*Task to carry out:* Could you give back exactly the lines below from the one with "Imagem de Lançadora" through the one with "img 2 attached", without a single picture?

*Material for this task:*
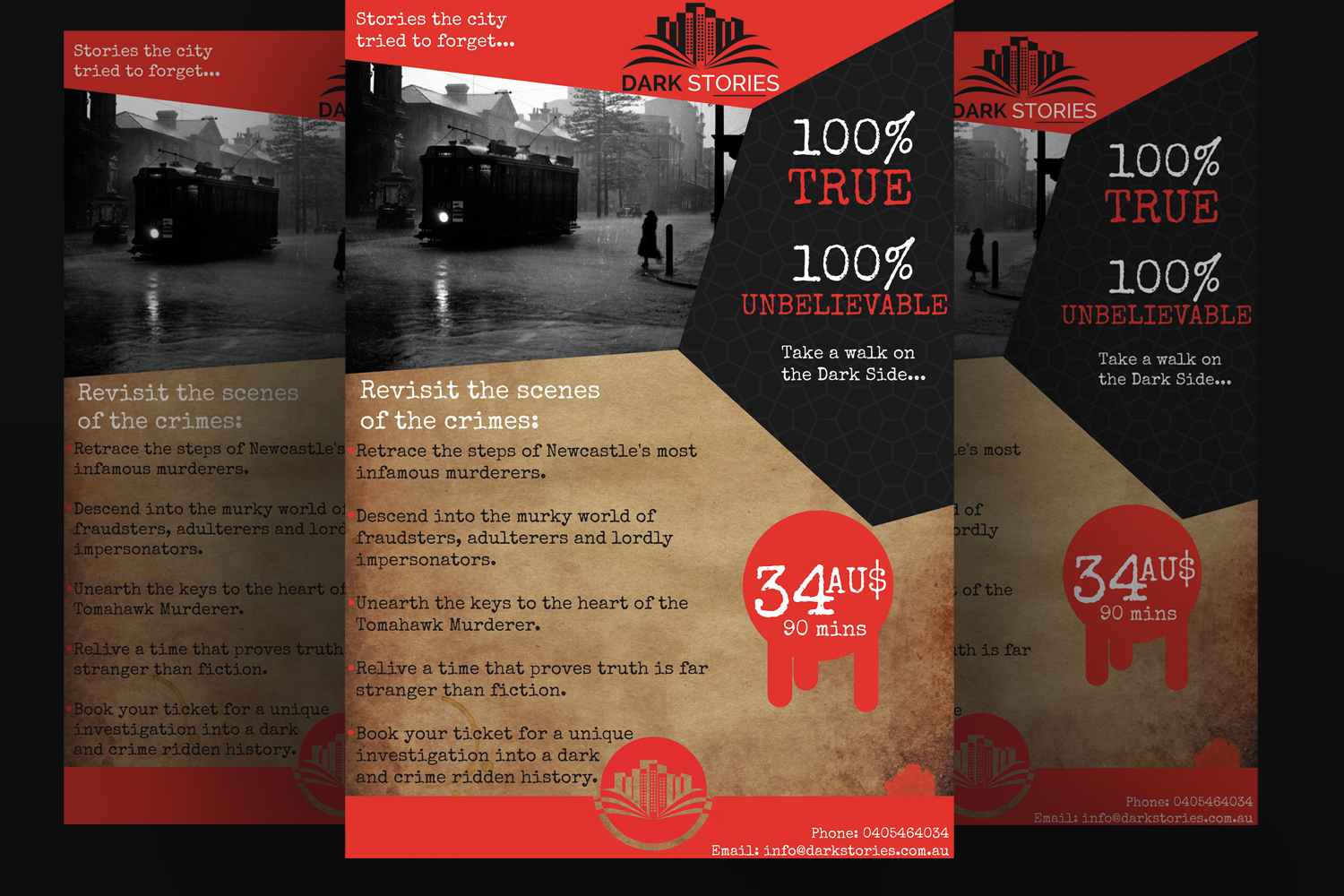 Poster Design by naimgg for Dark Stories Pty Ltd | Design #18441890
--
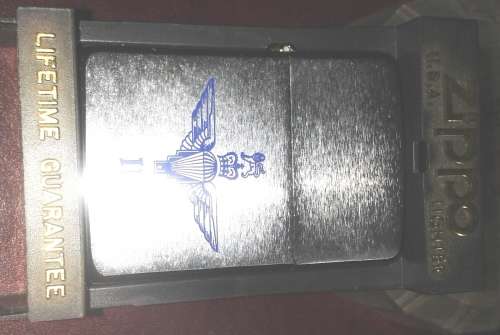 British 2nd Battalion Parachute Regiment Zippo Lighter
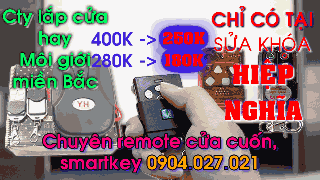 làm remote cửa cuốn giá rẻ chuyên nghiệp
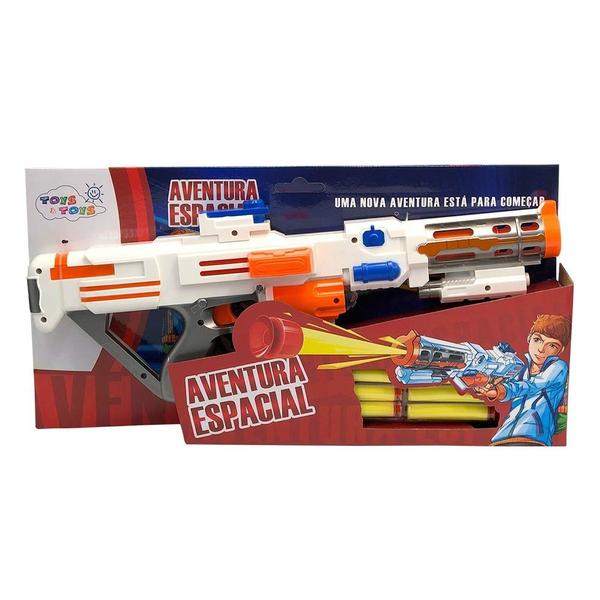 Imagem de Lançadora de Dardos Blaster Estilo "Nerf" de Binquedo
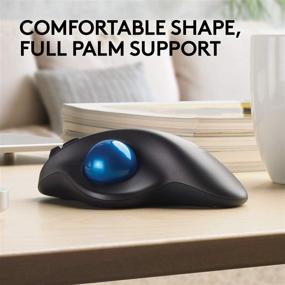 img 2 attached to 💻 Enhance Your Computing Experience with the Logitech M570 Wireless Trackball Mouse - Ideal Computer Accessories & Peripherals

*Output of the task:*
 Imagem de Lançadora de Dardos Blaster Estilo "Nerf" de Binquedo
 img 2 attached to 💻 Enhance Your Computing Experience with the Logitech M570 Wireless Trackball Mouse - Ideal Computer Accessories & Peripherals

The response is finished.